The data seems to be slightly out, just looking at the first line, and comparing that with the SciPY output:

[0]: [0. 0. 0.]
[1]: [ 0.30795933 -0.15593875 -0.93853239]
[2]: [ 0.61542705 -0.31236974 -1.87714317]

It also seems to be that SciPy returns the summed up columns to the point. For example, if we take the data from TinySpline, and sum up the columns, we get a similar output:

0                    0.30820827556315195  -0.15568720276894915 -0.9384930227595559
1.000000000000051    0.307509344708701    -0.1564302768067063  -0.9385985913393957

If we sum up the value of the preceeding lines, we get a similar output to SciPy:

1.000000000000051  0.61571762027  -0.31211747957  -1.8770916141

Is my usage of bisect correct?

Also I tried to insert 4 0s to try to get the same starting point as SciPy, but the result is still out:

0                    0.30820828474847434  -0.15568720740878936 -0.9384930507288276

Is my usage of bisect correct?

From what I see, your usage of Bisect looks good.

The data seems to be slightly out, just looking at the first line, and comparing that with the SciPY output:

[0]: [0. 0. 0.]
[1]: [ 0.30795933 -0.15593875 -0.93853239]
[2]: [ 0.61542705 -0.31236974 -1.87714317]

I'm wondering why SciPY interpolates 2 as [ 0.61542705 -0.31236974 -1.87714317]. You input data says:

0    , 0.30820827556315195 , -0.15568720276894915, -0.9384930227595559
8    , 0.304552451379279   , -0.15921617393201867, -0.9390942520947091

Based on 0 -> 0.30820827556315195 and 8 -> 0.304552451379279 there is no reason for the interpolation to map 2 -> 0.61542705. The same is true for the remaining components.

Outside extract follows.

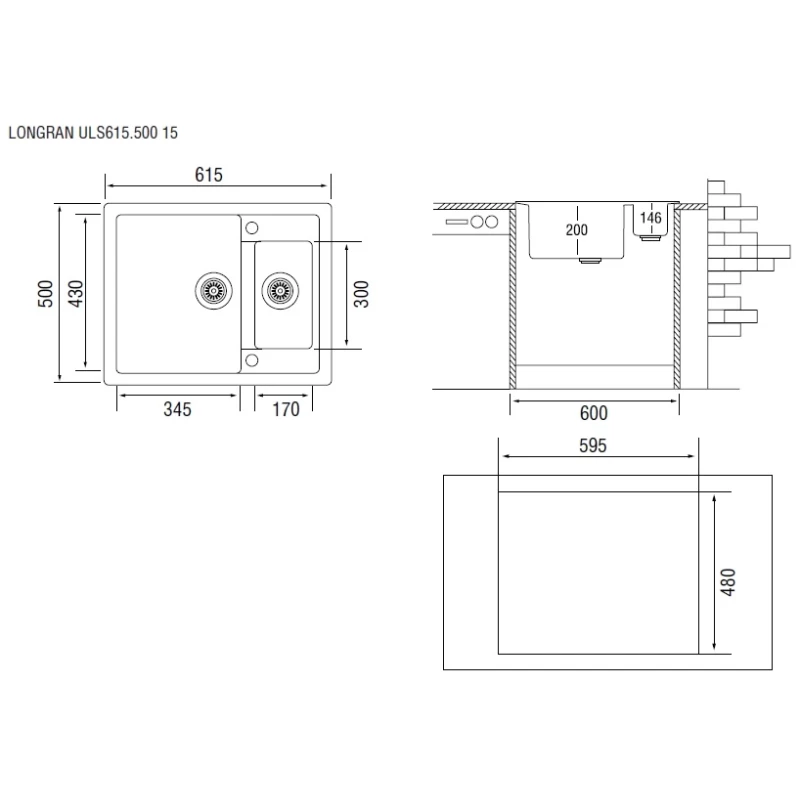 Кухонная мойка терра Longran Ultra ULS615.500 15 - 38
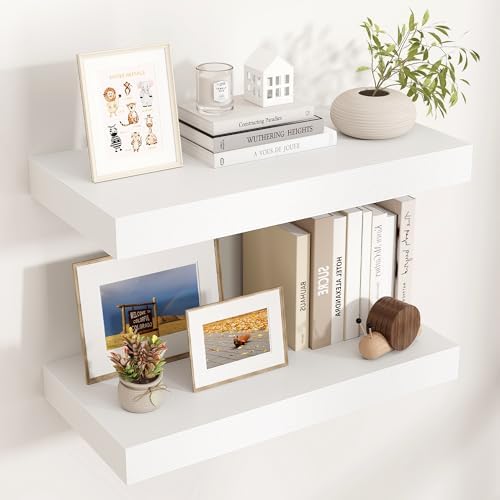 White Floating Wall Shelves 24x12 Inch Modern Design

SciPy's interpolation of 2 includes the previous entries of 0 and 1 added to the value at 2.

SciPy seems to return a rolling total for every interpolation, which makes it very easy to take the data and draw 3D constructs from it, as you don't have to sum up all the points between two interpolated values.

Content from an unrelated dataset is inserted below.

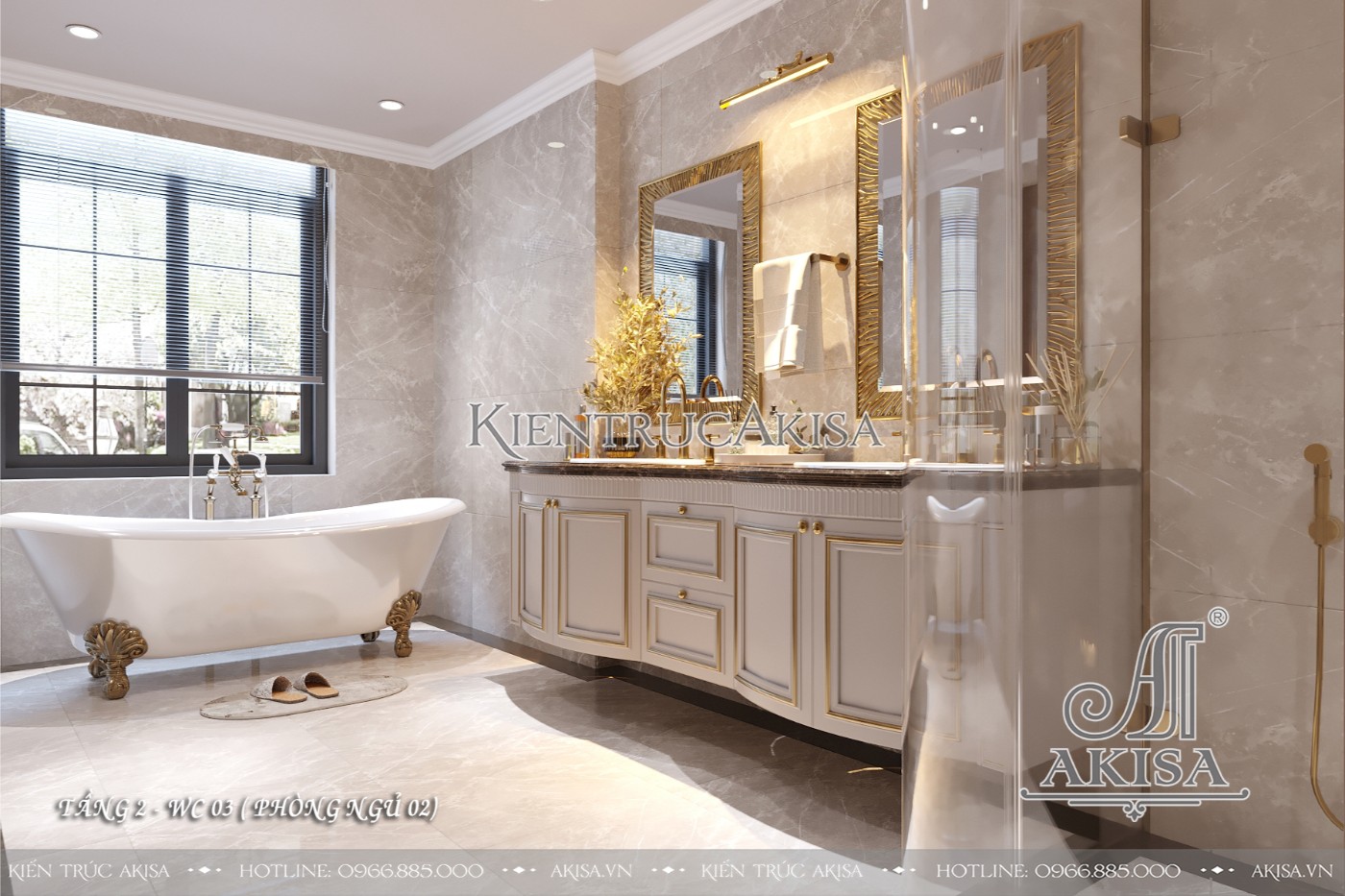 Nội thất gỗ gõ đỏ phong cách tân cổ điển luxury - Phòng WC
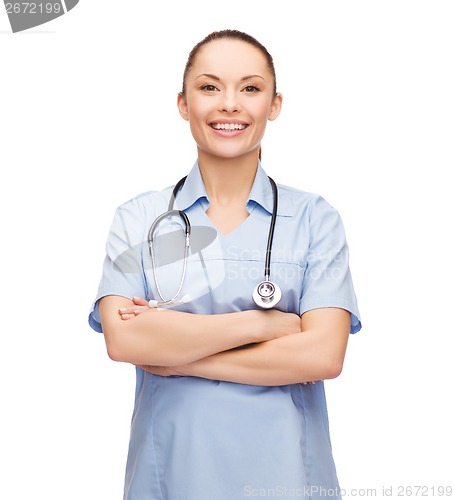 Image of smiling female doctor or nurse with stethoscope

Can you suggest any further changes that I could make to the code to get the results closer to the returned values from SciPy? I would like to if possible replicate the data exactly.

as you don't have to sum up all the points between two interpolated values.

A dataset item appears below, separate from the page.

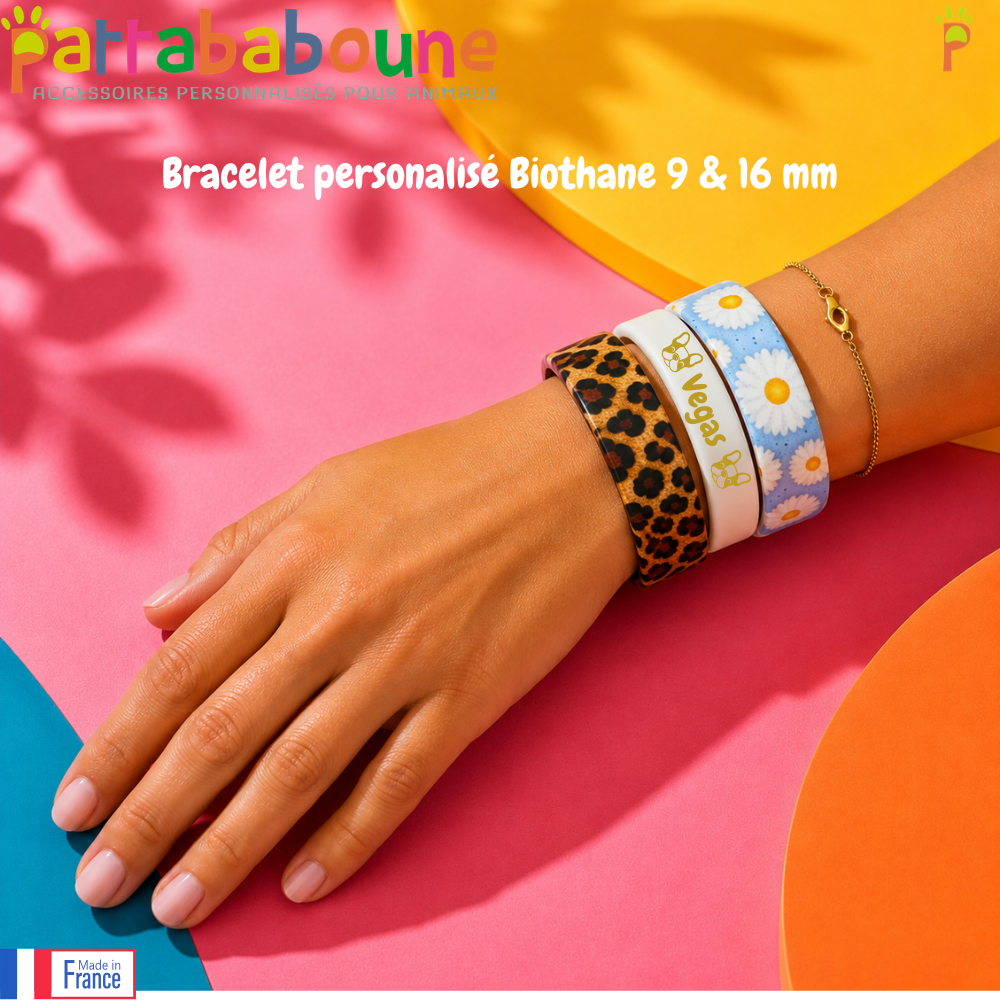 Bracelet personnalisable Biothane 9 et 16 mm- Fermeture pression ou enfiler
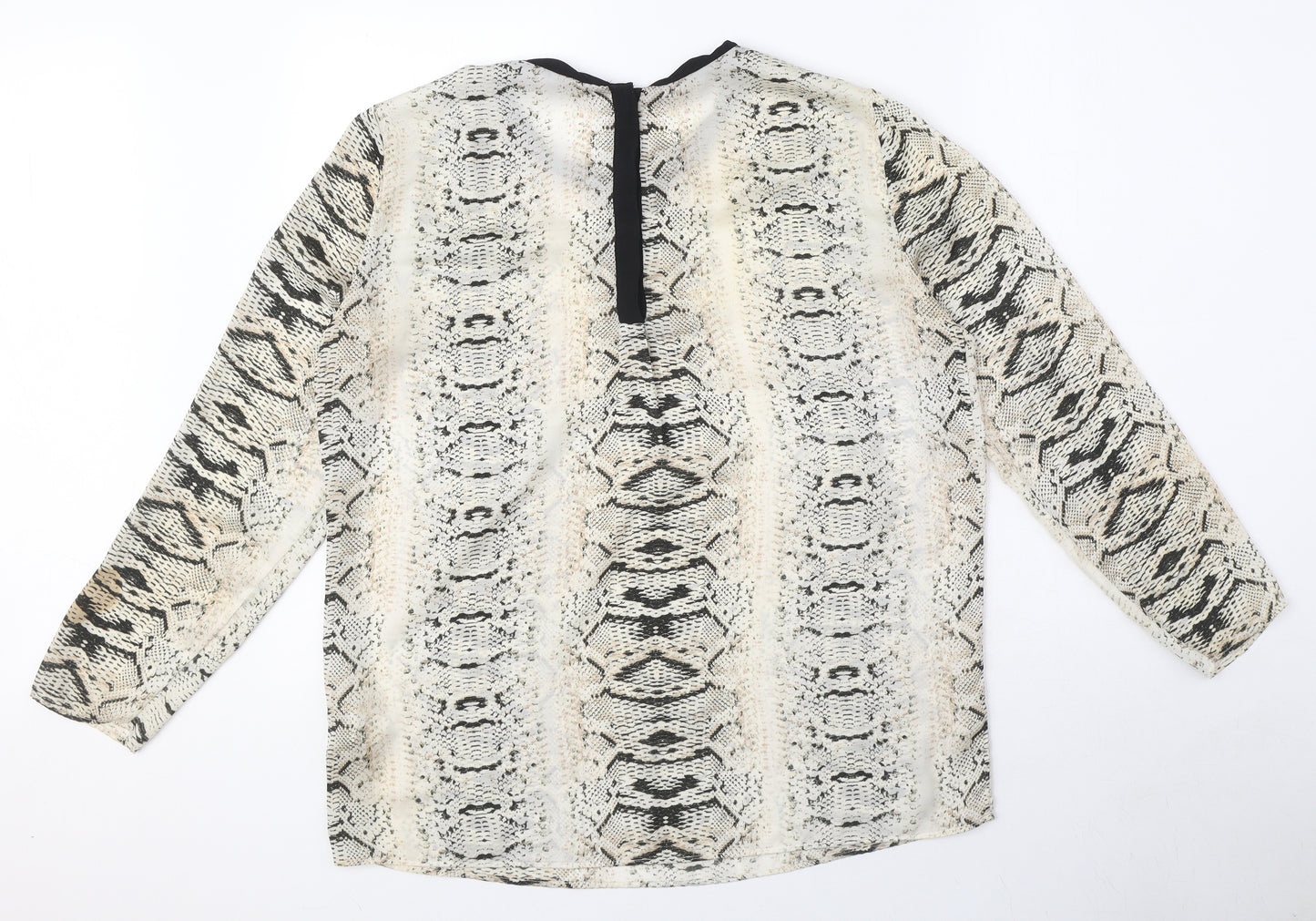 Zara Womens Beige Animal Print Polyester Basic Blouse Size L Round Neck - Snake Print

This is not what I would call interpolation. Anyhow, SciPy is a mature library, so they know what they are doing :).

would like to if possible replicate the data exactly.

I doubt that. SciPy is using a special interpolation which is not implemented in TinySpline (yet). If you could provide the implementation details, I could have a look. As always, PRs are welcome. For now, you can only sum up the entries by your own. That said, the results will slightly differ as cubic natural spline interpolation has other objects than periodic interpolation.

I'm closing this issue. Don't hesitate to reopen it if necessary.